Technology butts heads with privacy law in the name of innovation
Modern innovation is putting pressure on privacy law as citizens's data has become an input to production.
From Meta to the RCMP, public and private sectors have been found guilty of misusing citizen data in the past two years.
The Quebec Court of Appeal has approved a class-action lawsuit against tech giant Meta, for technology that allegedly allows Facebook users’s information to be used in discriminatory advertising practices, CBC reported on Wednesday.
The lawsuit alleges that Facebook’s advertising technology employs factors such as race, gender and age in “microtargeting.” The targeting innovation enables an advertiser to pick what kind of person they want to reach.
Nearly 100 employers including government departments were advertising with the technology, which may violate Canadian human rights law, the CBC reported.
Two years ago, the RCMP was caught illegally using citizens’s data.
The Office of the Privacy Commissioner of Canada investigated a case where the RCMP partnered with technology firm "Clearview AI," using software to scrape images off the web and save them to a database.
Clearview AI saved images of Canadians so RCMP could use facial recognition technology (FRT) to match its photographs.

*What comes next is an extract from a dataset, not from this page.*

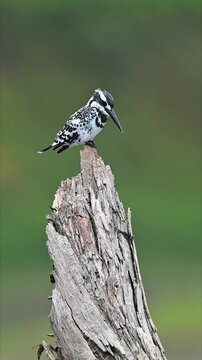 Pied Kingfisher Perched on Dry Tree Trunk Close Up Water Kingfisher Ceryle Rudis Wildlife Bird in Natural Habitat 4K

The use of roughly 3 billion illegally sourced images was found to have violated Canada's Privacy Act, the commissioner’s office said in a 2021 news release.

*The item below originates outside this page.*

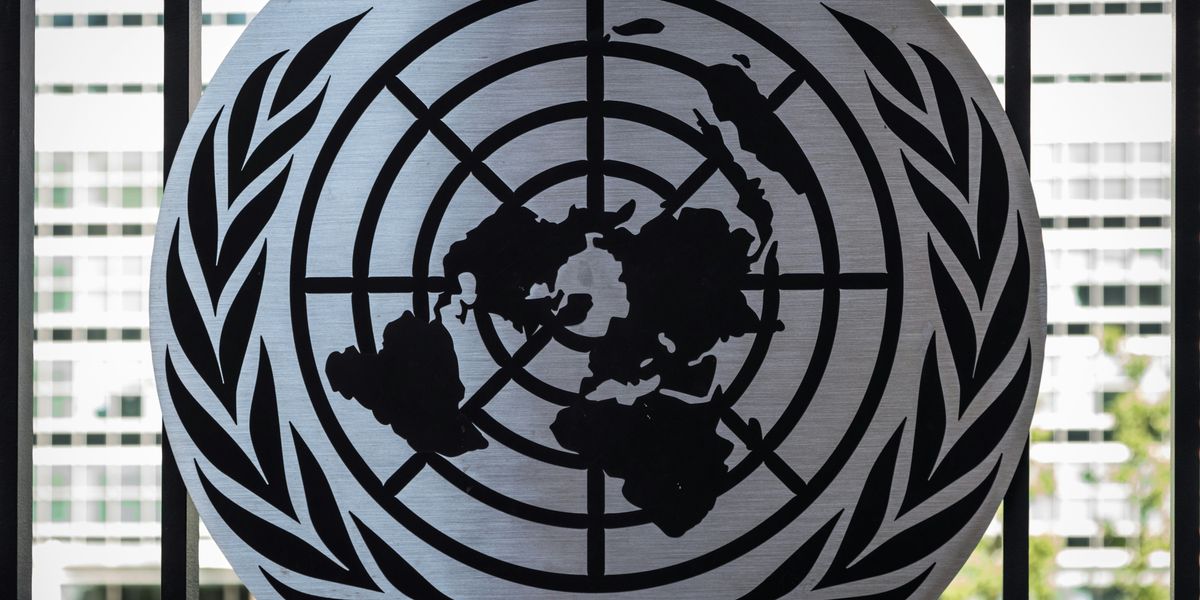 the united nations emblem on display in front of a window.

The release said the case was an example of how public-private deals involving digital technology are creating new risks for privacy.
Then-privacy-commissioner Daniel Therrien said it had implications for the future.
"As both commercial and government use of the technology expands, it raises important questions about the kind of society we want to live in,” he said in the 2021 release.
Facial recognition has also entered the private sector. In 2019, retailer Canadian Tire told CBC that it used FRT in six of its seven Winnipeg locations.